CSU’s enrollment numbers grew above 25,000 students for the first time in school history this semester.
Fall enrollment figures show CSU with a total enrollment of 25,042 students, which is a 1.2 percent increase from last fall, according to a university news release announcing the new numbers.
“Although we are a big school, I’d like to think all the people here — the students, the faculty, the staff – they’re all very friendly and caring, and they promote a small school feeling,” said Peter Nicholls, CSU’s provost/academic vice president.
The university credited the record enrollment numbers to success in retaining students, as the number of incoming freshman actually fell .7 percent from last year for a total of 3,802 freshmen. Nearly 500 more undergraduates stayed in school this semester than last, helping the university’s four-year graduation rate rise to 32 percent. The university has 20,628 undergraduate students and 3,837 graduate students.
“I think it’s good,” said Tyler Sugaski, a senior liberal arts major. “It’s healthy for the school’s reputation, and the state as a whole.” Sugaski said he didn’t think more students on campus led to a poorer quality education. “Look at other schools, like in the Big Ten. They’re big and still considered top schools.”
The university’s enrollment growth rate of 1.2 percent was down from the last several years, which saw 3.5 percent growth rates. The university tried to contain growth in the face of budget cuts that have led to fewer faculty and staff positions, according to the news release.
Nicholls said the university does not have plans to cap university enrollment as a whole, but some of the university’s more popular programs have restricted access or will start to restrict access because so many students want to join the program.
“Twenty-five thousand is quite a few students, and they all seem to be concentrated in certain areas,” Nicholls said, noting that some of the more popular programs include business, construction management, mechanical engineering, psychology and computer science. “We have no plans in the immediate future of putting enrollment caps on the institution, but we do need to be very careful in the future about watching where those students want to major and being sure we have the flexibility to accommodate those students.”

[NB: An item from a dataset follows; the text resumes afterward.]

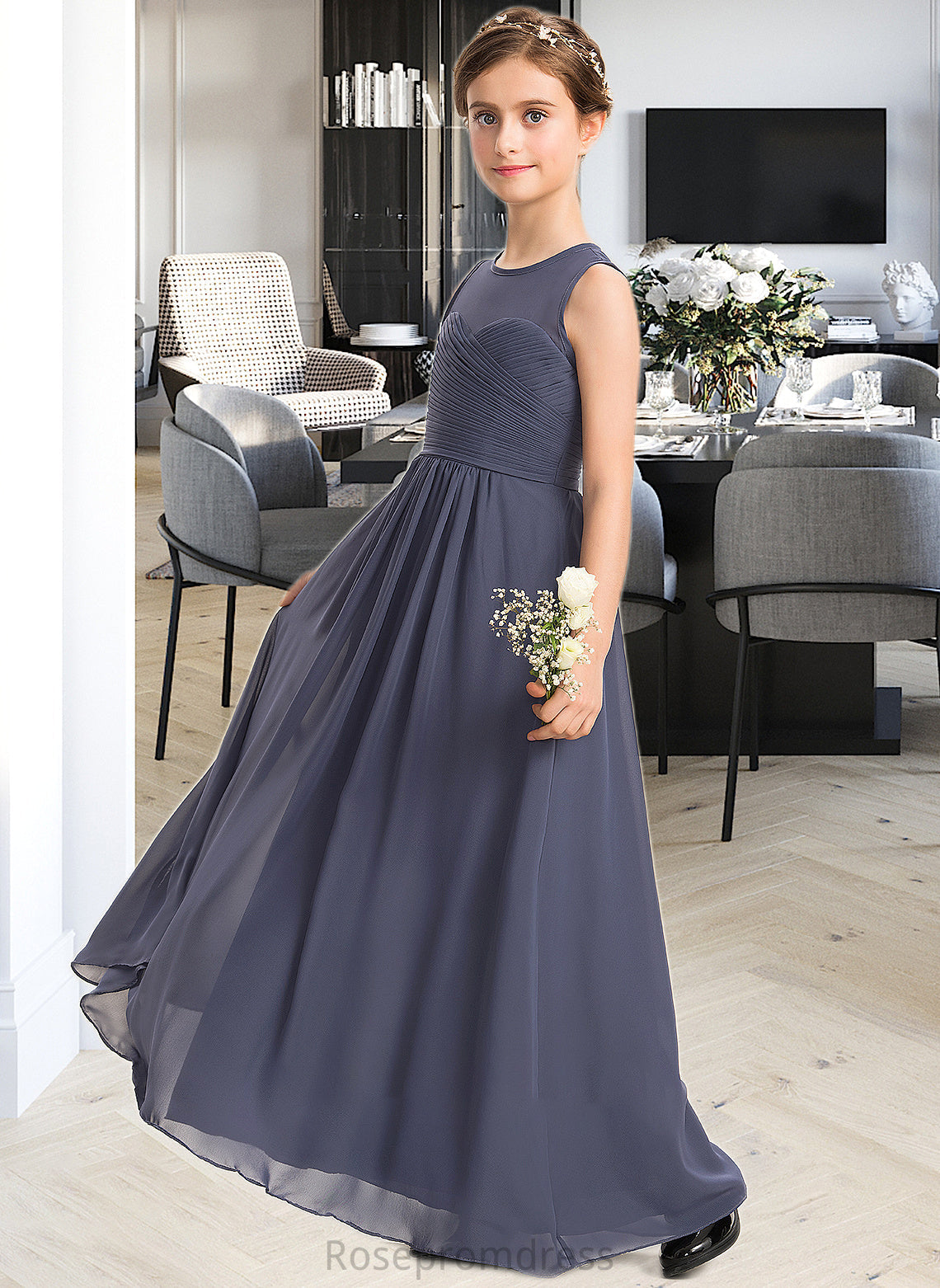 Raquel A-Line Scoop Neck Floor-Length Chiffon Junior Bridesmaid Dress With Ruffle SRSP0013533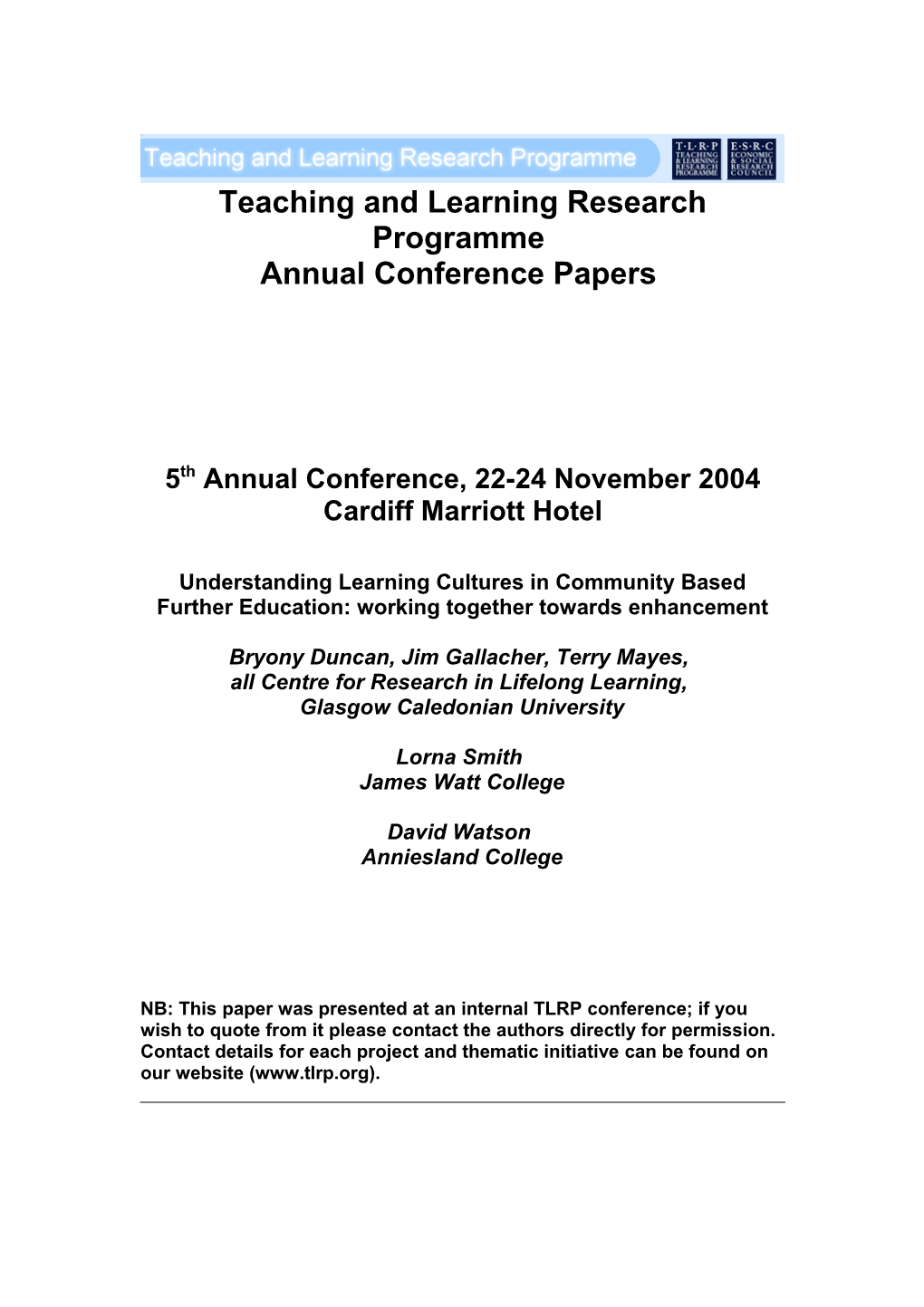TLRP Conference Paper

He said the high enrollment numbers could mean that some classes will be bigger than before and that some class sections may not be available.
“I think what you’re going to find is that some classes are going to be bigger than they used to be,” Nicholls said.
CSU’s minority enrollment increased 1.5 percent, 2.4 percent among undergraduates, to make up about 12 percent of the undergraduate population. New international student enrollment stayed almost the same as last year at 950 students.
This year’s incoming freshman class scored the highest average index score in school history. The incoming freshman class had an average score of 109.7. The average index score is a combination of standardized test scores, high school grade-point average and class rank.
“We’re encouraged by the quality of the students who are choosing Colorado State University, and that our efforts to keep students enrolled and on track are paying dividends,” said CSU President Larry Penley in a news release. “Despite the economic difficulties we have faced, we are committed to providing the highest quality of education possible, in part by effectively managing the number of students and resources we have to serve them.”